UK Distributor Speaks on Human Centipede Controversy
Human Centipede II: Full Sequence has garnered an impressive amount of press of late. At the start of June we told you that the BBFC (British Board of Film Classification) had declared it "unclassifiable," and now we've got some pretty interesting words from the film's UK distributor, Eureka.
Eureka issued a press release regarding the BBFC's decision and further illustrated what a baffling decision was made:
Within the last week, the BBFC (British Board of Film Classification) announced that it had rejected and was unable to classify for release on DVD, The Human Centipede II (Full Sequence).
Bounty Films, and its UK distribution partner Eureka Entertainment Ltd., are disappointed by the decision of the BBFC to deny the film a classification certificate. While both companies respect the authority of the board, we strongly disagree with their decision.
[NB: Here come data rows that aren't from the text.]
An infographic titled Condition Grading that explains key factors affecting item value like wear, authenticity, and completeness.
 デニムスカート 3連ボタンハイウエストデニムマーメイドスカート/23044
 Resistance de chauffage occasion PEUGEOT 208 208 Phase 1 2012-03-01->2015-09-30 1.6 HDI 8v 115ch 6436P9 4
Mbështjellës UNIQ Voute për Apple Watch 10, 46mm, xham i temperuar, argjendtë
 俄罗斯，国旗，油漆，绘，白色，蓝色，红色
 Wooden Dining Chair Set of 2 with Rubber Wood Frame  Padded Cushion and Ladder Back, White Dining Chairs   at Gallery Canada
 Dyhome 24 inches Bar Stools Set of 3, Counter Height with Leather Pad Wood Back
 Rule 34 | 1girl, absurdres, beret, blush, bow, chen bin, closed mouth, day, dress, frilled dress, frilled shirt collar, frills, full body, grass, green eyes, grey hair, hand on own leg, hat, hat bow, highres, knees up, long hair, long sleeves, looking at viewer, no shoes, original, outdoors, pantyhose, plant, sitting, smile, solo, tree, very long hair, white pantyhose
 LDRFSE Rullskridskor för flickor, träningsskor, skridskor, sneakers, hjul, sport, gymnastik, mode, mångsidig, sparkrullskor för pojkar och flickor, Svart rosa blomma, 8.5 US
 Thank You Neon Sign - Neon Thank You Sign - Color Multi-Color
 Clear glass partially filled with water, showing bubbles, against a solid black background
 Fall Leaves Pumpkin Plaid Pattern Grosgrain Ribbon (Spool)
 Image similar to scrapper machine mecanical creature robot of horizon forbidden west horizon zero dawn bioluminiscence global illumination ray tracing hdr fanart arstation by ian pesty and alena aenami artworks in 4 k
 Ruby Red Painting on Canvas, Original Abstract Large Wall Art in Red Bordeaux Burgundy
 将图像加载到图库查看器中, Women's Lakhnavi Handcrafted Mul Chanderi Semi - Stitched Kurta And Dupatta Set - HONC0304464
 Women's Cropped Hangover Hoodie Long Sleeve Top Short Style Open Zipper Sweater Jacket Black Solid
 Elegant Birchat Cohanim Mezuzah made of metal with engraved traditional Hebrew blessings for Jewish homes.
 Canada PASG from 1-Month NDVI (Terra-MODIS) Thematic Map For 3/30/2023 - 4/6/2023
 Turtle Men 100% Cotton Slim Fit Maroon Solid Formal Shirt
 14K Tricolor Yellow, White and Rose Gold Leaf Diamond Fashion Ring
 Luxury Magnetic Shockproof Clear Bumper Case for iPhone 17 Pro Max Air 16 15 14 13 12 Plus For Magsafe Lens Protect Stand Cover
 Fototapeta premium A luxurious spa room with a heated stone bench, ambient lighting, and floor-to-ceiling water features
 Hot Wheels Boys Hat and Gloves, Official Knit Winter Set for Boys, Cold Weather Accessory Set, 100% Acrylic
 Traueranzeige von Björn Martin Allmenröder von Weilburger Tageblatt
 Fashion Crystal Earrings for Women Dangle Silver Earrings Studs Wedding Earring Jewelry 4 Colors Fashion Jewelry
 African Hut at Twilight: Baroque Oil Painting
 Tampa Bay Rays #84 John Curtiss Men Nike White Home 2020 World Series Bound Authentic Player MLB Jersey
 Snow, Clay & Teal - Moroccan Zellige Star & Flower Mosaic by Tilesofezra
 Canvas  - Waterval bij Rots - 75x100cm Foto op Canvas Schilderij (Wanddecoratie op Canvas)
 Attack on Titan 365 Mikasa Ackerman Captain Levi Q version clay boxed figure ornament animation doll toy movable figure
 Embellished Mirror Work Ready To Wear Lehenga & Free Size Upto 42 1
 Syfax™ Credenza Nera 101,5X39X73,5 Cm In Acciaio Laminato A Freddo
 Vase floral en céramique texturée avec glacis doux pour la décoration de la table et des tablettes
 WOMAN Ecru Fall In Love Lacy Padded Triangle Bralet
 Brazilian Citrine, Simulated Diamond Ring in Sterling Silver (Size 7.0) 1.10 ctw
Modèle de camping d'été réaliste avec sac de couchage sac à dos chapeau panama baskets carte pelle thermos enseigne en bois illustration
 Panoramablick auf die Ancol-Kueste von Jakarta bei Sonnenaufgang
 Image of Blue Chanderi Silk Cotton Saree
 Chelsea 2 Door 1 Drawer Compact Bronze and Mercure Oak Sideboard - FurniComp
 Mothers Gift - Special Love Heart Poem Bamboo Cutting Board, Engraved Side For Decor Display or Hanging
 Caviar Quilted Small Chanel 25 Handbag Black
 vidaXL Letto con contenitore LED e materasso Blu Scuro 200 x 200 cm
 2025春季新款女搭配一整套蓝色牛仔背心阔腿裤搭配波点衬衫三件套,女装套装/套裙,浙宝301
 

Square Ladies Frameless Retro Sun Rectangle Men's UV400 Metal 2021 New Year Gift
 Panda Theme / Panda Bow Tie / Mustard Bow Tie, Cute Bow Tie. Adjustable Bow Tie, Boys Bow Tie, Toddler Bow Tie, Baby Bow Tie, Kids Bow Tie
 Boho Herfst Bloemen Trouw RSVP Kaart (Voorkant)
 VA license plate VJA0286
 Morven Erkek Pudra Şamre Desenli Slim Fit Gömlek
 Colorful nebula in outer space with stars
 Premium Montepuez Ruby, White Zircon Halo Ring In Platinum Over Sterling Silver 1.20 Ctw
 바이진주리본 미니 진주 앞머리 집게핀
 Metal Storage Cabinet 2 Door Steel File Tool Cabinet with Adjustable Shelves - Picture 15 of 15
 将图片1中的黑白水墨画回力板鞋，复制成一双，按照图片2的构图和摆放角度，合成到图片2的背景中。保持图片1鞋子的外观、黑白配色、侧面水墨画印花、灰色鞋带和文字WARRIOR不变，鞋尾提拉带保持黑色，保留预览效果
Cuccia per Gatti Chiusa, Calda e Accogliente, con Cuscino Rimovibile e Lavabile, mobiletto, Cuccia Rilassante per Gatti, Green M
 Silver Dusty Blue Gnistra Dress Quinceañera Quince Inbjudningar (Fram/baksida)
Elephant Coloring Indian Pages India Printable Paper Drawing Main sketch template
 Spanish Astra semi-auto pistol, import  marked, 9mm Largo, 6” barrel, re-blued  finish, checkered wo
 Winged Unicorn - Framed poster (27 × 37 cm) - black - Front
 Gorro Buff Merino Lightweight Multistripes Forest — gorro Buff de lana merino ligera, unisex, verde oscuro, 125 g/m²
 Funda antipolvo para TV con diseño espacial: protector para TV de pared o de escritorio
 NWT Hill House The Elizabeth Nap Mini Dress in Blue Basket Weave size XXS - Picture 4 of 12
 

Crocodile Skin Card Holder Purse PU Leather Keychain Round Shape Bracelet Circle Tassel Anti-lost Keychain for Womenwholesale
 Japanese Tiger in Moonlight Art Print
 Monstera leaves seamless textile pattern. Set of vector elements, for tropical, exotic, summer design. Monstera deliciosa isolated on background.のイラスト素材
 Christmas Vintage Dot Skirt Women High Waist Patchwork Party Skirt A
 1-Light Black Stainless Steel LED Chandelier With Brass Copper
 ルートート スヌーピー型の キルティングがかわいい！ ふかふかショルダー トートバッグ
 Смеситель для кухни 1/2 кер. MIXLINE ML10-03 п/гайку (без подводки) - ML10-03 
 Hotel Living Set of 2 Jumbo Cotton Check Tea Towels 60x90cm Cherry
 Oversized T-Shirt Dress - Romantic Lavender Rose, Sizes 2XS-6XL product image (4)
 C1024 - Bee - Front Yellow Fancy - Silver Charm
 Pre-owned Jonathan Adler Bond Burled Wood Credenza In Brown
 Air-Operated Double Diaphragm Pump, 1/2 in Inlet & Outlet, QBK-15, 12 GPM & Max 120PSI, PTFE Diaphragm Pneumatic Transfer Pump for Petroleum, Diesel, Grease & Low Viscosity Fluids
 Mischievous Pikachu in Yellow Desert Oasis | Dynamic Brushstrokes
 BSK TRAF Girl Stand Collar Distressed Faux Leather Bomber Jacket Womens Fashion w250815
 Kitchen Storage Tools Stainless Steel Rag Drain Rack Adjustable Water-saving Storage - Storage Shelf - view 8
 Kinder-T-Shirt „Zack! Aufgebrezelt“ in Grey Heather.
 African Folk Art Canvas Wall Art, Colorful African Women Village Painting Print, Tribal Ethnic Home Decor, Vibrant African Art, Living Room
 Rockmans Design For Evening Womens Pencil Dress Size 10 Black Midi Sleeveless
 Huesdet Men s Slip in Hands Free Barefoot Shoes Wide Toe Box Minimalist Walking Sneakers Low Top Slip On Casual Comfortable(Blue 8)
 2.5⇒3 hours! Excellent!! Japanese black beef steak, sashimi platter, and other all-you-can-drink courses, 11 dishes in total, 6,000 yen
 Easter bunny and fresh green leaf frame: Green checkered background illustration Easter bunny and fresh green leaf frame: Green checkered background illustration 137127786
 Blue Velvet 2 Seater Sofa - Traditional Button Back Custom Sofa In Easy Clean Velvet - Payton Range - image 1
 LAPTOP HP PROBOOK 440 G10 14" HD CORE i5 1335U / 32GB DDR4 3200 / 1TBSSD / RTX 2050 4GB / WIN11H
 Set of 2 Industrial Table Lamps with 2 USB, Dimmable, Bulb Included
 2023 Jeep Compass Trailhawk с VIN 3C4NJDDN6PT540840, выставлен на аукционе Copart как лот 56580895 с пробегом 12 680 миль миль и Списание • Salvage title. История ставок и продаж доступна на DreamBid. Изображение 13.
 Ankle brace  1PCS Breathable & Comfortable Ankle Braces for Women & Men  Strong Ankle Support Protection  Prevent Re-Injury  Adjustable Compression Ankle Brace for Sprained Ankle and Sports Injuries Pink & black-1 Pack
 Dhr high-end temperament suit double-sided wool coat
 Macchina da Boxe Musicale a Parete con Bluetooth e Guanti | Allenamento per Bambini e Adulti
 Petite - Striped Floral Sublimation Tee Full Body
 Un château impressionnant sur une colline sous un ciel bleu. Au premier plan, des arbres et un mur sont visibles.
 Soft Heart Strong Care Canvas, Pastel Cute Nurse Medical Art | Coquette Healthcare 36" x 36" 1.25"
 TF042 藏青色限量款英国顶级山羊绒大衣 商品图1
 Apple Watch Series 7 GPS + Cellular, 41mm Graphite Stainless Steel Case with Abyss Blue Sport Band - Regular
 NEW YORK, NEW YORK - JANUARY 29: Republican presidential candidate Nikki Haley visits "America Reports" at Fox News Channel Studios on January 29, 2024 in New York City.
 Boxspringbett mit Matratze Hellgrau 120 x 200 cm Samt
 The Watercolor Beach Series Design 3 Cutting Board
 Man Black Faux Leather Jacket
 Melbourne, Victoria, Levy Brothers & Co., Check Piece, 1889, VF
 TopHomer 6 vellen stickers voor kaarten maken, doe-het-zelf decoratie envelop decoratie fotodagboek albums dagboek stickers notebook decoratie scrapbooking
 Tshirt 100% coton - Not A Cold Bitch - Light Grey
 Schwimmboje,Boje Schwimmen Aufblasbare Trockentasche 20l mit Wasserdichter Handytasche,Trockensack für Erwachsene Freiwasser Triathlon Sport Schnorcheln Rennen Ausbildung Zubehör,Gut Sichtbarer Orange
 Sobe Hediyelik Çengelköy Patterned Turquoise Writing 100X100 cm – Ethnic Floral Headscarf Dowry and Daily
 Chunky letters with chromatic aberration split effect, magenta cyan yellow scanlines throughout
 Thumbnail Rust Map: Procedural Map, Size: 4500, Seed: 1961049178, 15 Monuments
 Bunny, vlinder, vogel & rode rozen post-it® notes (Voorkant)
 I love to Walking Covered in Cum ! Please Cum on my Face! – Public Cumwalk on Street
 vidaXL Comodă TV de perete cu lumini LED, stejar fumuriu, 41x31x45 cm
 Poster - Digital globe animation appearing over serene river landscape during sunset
In support of their decision, the BBFC issued a press release that gave an unprecedented level of detail regarding certain scenes contained within the film. Whilst it appears customary for the BBFC to issue press releases in support of its decision making, the level of detail provided therein does seem inconsistent with previous releases where the statements have been more concise. We are concerned this may be prejudicial to our forthcoming appeal.
The Human Centipede II (Full Sequence) is adult entertainment for fans of horror films. If a film of this nature does not seek to push boundaries, to challenge people and their value systems or to shock, then it is not horror. The subject matter of this film is in line with not only the genre, but other challenging entertainment choices for adult consumers.
We respect those who have different opinions about both the film and the genre, and whose opinions may differ to our own, but we hope that the opinions of the adults for whom this product is intended will also be considered. The adult consumers who would watch this film fully understand that it is fictional entertainment and nothing more.
Classifying and rating product allows the public to make an informed choice about the art and media they wish to consume. Censoring or preventing the public from obtaining material that has not been proven to be harmful or obscene, is indefensible in principle and is often counterproductive in practice. Through their chosen course of action, the BBFC have ensured that the awareness of this film is now greater than it would otherwise have been.
Having taken advice on these matters, and in accordance with BBFC guidelines, we will be submitting our appeal to the Video Appeals Committee in due course.